La literatura, también, ha insistido desde siempre en la posibilidad de traducción musical, por llamarla de alguna manera. Un buen ejemplo es la corta novela Sonata a Kreutzer de Tolstói. Tomando como punto de partida la homónima sonata para violín y piano de Beethoven, Tolstói hace que Pózdnyshev, el protagonista del relato, asesine a su esposa en un ataque de celos. Ante lo sugestivo de la sonata, el personaje responde con la violencia de la posesión amorosa, creyendo que su esposa desea a otro hombre a través de la ejecución de la pieza. La representación que hace de la sonata resulta evidente: comprende el violín y el piano como dos amantes que se buscan y encuentran en un rito sexual (ya en Immortal Beloved de Bernard Rose, la película de 1994 protagonizada por Gary Oldman, el personaje de Beethoven dice comprender esta sonata como el sentimiento del amante que incumple el encuentro amoroso con su amada). Mientras cuenta su relato en el tren, Pózdnyshev le dirá a su acompañante: “La música hace que me olvide de mí mismo, de mi situación real, me traslada a otra situación, que no es la mía: bajo el efecto de la música, me parece que siento lo que no siento en realidad, que comprendo lo que no comprendo y que puedo hacer lo que no puedo.”

Esta simultaneidad de lenguajes también se ve en otras artes y otras representaciones. El primero que se me viene a la mente: la mezcla entre poesía y pintura que lleva a cabo Joan Miró.

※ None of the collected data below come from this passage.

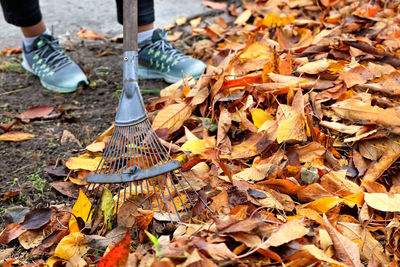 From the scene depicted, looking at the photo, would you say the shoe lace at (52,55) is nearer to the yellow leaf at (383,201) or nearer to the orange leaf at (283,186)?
the orange leaf at (283,186)

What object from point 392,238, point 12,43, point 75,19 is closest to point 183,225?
point 392,238

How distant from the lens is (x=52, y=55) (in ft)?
7.84

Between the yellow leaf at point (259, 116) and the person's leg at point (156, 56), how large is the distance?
71 centimetres

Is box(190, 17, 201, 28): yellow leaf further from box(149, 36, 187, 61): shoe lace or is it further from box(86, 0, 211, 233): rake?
box(86, 0, 211, 233): rake

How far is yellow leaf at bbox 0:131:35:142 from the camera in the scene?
1.81 metres

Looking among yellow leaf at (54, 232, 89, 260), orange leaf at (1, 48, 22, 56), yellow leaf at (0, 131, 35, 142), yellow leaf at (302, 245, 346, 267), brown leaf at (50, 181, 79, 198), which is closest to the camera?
yellow leaf at (302, 245, 346, 267)

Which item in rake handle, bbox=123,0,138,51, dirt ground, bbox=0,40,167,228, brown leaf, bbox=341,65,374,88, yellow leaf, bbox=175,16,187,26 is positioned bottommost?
dirt ground, bbox=0,40,167,228

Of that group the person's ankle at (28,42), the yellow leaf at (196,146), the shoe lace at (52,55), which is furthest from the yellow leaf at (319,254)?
the person's ankle at (28,42)

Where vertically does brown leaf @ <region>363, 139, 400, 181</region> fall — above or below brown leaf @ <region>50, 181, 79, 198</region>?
above

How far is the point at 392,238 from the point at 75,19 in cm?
285

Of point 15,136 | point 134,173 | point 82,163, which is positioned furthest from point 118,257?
point 15,136

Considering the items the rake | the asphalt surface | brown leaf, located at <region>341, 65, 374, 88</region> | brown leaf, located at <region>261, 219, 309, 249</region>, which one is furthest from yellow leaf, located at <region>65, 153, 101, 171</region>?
the asphalt surface

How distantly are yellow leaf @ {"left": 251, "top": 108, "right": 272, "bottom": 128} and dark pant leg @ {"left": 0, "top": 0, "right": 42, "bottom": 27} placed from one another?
1.44 metres

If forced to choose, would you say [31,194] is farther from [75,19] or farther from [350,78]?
[75,19] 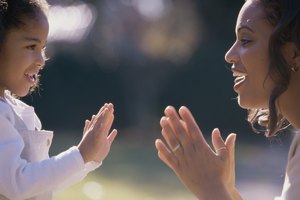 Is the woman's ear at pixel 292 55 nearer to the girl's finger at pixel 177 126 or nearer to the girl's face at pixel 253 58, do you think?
the girl's face at pixel 253 58

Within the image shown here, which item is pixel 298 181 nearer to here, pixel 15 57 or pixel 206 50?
pixel 15 57

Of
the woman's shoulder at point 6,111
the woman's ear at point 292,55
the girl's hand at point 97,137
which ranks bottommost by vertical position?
the girl's hand at point 97,137

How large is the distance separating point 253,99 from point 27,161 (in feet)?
2.87

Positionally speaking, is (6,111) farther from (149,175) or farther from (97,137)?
(149,175)

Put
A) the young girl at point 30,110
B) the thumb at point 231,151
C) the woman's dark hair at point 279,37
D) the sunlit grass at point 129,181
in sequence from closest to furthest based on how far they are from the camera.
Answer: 1. the woman's dark hair at point 279,37
2. the thumb at point 231,151
3. the young girl at point 30,110
4. the sunlit grass at point 129,181

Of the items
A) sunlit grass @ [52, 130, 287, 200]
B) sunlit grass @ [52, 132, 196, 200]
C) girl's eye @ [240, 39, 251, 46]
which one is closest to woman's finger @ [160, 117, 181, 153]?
girl's eye @ [240, 39, 251, 46]

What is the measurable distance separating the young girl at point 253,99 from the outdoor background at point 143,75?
7768mm

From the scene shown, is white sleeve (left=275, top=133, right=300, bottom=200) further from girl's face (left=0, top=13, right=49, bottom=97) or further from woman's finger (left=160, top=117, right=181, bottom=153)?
girl's face (left=0, top=13, right=49, bottom=97)

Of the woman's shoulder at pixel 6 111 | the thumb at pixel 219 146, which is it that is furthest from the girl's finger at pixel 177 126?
the woman's shoulder at pixel 6 111

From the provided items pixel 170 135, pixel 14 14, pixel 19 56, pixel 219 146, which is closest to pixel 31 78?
pixel 19 56

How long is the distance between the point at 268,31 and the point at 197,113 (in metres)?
10.4

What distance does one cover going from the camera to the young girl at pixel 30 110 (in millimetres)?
2930

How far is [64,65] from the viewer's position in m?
13.9

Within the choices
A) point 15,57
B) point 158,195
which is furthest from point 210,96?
point 15,57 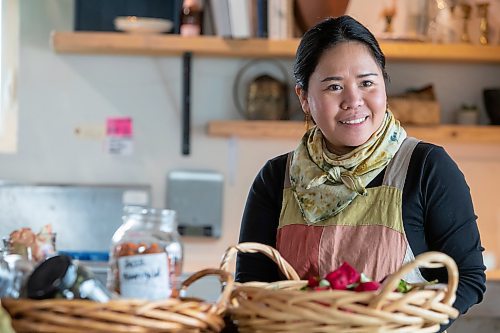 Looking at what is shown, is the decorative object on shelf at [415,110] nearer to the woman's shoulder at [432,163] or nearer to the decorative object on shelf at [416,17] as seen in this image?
the decorative object on shelf at [416,17]

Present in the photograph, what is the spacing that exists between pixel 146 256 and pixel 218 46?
7.60 ft

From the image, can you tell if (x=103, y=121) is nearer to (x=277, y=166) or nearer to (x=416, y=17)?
(x=416, y=17)

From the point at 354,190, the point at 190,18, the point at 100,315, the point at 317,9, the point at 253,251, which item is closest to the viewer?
the point at 100,315

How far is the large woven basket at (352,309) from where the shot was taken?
1082mm

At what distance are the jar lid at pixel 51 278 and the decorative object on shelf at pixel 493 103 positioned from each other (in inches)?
107

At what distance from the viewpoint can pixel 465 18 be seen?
350cm

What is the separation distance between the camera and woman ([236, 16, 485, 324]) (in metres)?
1.56

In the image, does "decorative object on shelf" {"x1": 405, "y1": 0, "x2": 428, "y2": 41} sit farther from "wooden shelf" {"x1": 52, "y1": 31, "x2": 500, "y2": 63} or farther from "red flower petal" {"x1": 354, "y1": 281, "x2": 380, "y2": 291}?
"red flower petal" {"x1": 354, "y1": 281, "x2": 380, "y2": 291}

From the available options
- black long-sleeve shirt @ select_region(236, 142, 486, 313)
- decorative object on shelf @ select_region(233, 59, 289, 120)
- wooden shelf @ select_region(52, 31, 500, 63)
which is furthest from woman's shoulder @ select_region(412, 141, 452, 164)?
decorative object on shelf @ select_region(233, 59, 289, 120)

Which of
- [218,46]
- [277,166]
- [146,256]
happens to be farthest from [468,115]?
[146,256]

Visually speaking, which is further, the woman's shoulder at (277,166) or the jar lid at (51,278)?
the woman's shoulder at (277,166)

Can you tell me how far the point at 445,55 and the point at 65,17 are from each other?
1426mm

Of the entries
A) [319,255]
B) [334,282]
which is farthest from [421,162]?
[334,282]

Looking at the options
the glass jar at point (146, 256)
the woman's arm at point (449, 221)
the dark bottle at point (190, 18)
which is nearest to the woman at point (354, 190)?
the woman's arm at point (449, 221) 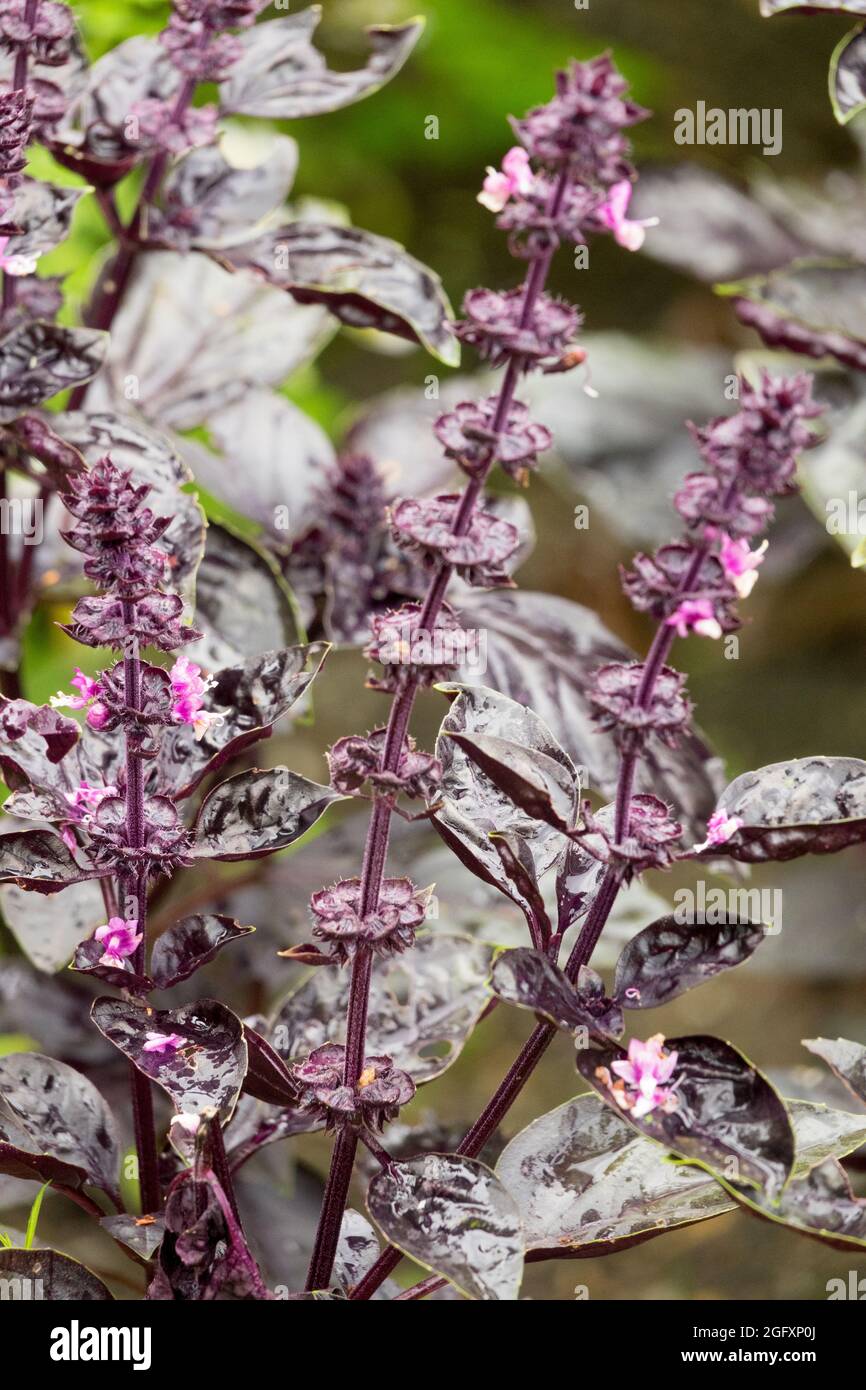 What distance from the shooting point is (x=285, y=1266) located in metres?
1.12

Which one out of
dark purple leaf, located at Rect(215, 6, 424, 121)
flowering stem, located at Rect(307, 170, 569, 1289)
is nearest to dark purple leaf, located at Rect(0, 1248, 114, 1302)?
flowering stem, located at Rect(307, 170, 569, 1289)

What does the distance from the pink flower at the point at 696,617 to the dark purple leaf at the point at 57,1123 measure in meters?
0.52

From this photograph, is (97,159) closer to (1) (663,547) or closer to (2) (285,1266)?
(1) (663,547)

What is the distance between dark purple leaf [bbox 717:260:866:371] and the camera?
4.30 feet

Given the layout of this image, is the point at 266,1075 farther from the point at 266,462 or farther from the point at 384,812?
the point at 266,462

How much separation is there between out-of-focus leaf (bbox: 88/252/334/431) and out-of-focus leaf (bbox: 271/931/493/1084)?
22.0 inches

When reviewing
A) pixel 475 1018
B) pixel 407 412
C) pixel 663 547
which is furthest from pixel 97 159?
pixel 475 1018

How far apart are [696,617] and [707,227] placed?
1165 mm

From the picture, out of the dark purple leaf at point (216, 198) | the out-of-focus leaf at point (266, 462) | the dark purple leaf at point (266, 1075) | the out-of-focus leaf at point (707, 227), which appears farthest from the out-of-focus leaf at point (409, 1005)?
the out-of-focus leaf at point (707, 227)

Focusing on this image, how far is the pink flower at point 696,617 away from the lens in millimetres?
684

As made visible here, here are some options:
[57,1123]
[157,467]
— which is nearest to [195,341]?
[157,467]

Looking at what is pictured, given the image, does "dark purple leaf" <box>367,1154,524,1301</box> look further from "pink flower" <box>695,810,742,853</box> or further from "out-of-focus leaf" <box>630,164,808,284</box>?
"out-of-focus leaf" <box>630,164,808,284</box>

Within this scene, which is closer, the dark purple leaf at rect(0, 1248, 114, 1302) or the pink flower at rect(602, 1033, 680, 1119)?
the pink flower at rect(602, 1033, 680, 1119)

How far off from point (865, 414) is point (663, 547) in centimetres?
81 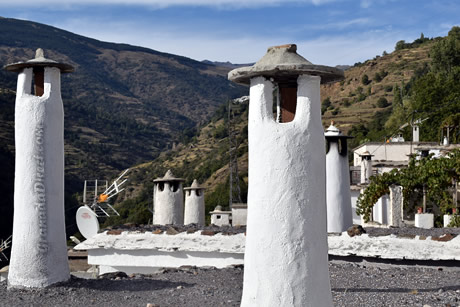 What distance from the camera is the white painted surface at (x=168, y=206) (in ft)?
55.2

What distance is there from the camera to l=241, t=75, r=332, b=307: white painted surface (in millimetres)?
5426

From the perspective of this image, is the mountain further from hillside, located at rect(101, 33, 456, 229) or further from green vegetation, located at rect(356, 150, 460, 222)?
green vegetation, located at rect(356, 150, 460, 222)

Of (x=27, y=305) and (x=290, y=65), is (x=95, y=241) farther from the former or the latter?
(x=290, y=65)

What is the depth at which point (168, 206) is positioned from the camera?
1694 cm

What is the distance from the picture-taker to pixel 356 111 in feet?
251

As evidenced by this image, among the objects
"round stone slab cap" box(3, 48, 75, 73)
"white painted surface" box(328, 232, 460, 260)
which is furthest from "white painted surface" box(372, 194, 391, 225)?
"round stone slab cap" box(3, 48, 75, 73)

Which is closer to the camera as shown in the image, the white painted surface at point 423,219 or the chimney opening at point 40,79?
the chimney opening at point 40,79

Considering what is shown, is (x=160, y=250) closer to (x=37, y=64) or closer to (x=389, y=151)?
(x=37, y=64)

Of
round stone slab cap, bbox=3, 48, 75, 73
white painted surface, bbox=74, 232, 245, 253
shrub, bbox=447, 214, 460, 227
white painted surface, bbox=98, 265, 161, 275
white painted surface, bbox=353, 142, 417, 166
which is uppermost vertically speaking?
white painted surface, bbox=353, 142, 417, 166

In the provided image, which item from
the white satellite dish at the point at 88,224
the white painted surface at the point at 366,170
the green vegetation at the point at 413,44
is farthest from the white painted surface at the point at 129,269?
the green vegetation at the point at 413,44

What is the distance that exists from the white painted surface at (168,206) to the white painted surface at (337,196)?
5489 millimetres

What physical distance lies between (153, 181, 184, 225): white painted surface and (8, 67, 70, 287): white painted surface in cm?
708

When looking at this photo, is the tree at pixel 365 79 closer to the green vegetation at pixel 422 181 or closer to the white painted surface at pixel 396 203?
A: the green vegetation at pixel 422 181

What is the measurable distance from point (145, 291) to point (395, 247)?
414 cm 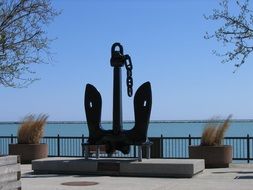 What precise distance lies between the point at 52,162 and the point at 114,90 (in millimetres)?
2757

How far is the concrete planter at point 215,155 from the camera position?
19.0 m

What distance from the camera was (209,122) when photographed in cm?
1994

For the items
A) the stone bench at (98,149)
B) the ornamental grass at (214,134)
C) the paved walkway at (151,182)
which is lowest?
the paved walkway at (151,182)

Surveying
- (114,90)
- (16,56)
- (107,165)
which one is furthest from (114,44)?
(16,56)

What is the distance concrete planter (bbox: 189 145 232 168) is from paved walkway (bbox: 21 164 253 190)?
1.78 m

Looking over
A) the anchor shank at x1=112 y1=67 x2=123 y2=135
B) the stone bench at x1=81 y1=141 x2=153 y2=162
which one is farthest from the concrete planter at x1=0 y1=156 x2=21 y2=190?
the anchor shank at x1=112 y1=67 x2=123 y2=135

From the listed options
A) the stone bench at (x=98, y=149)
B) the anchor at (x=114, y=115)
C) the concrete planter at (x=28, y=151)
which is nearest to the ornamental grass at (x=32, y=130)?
the concrete planter at (x=28, y=151)

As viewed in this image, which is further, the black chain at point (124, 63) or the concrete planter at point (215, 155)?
the concrete planter at point (215, 155)

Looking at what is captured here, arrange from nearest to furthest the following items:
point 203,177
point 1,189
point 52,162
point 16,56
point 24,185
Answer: point 1,189 < point 16,56 < point 24,185 < point 203,177 < point 52,162

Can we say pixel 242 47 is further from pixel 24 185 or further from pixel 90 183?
pixel 24 185

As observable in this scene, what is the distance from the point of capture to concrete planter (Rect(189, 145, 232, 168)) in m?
19.0

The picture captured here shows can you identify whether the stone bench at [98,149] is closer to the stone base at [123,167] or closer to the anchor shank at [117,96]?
the stone base at [123,167]

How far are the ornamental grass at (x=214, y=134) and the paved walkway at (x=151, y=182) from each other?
236cm

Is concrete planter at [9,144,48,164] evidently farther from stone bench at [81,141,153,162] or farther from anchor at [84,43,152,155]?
anchor at [84,43,152,155]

Me refiero a su acrílico sobre tela de 1967 titulado “El ala de la alondra aureolada de azul de oro llega al corazón de la amapola adormilada sobre el prado engalanado de diamantes”. Sólo la poesía puede nombrar la imagen visual. Los dos lenguajes se revuelven para poder exprimir el sentido completo de lo que ha sido dibujado.

Uno de los grandes problemas de Bruno, el biógrafo del saxofonista Johnny Carter en El perseguidor de Julio Cortázar, es que es consciente de no poder acceder a ese espacio amorfo e irracional de donde viene la música del jazzman. Mientras que Johnny ve urnas cuando interpreta Amorous, “mete música” en el tiempo, etc., Bruno no es capaz de ir más allá de la crítica verbal de una música que, sin embargo, le gustaría llamar “metafísica”. Reconoce su deficiencia (un eco de lo que años después dirá Oliveira en Rayuela) precisamente por optar por las palabras como biógrafo y no llegar a la música, como sí consigue hacer el otro: “Antepongo minuciosamente las palabras a la realidad que pretenden describirme, me escudo en consideraciones y sospechas que no son más que una estúpida dialéctica.” En las últimas páginas de la historia, Johnny se lo echa en cara diciéndole que ha dejado por fuera lo más importante: a él mismo. Se refiere a esas imágenes que ve a partir de la música; es decir, a la traducción que lleva a cabo de sus propias improvisaciones, a los trances o états séconds a los cuales la música lo transporta. Como los sueños, éstos son incomprensibles e ilógicos si no intentamos comprenderlos a partir de la irracionalidad, eficaz arma en estos casos pero que sin embargo Bruno no posee.

A pesar de que la música es compuesta siempre a partir de sus reglas internas, ésta hace nido en nuestro espacio primigenio de la conciencia y desde allí se atrapa: es decir, toma las notas y melodías y las convierte en pinceladas, o en palabras que cuentan de personajes que huyen de las montañas o en campesinos apacibles que despiertan al lado del arroyo luego de la tormenta. Como la literatura, nos despoja de las máscaras y nos permite imaginar libres de cualquier barrera. Pero a diferencia de ésta, lo hace a partir de un lenguaje que no es el nuestro: un lenguaje irracional. En su traducción reside su comprensión.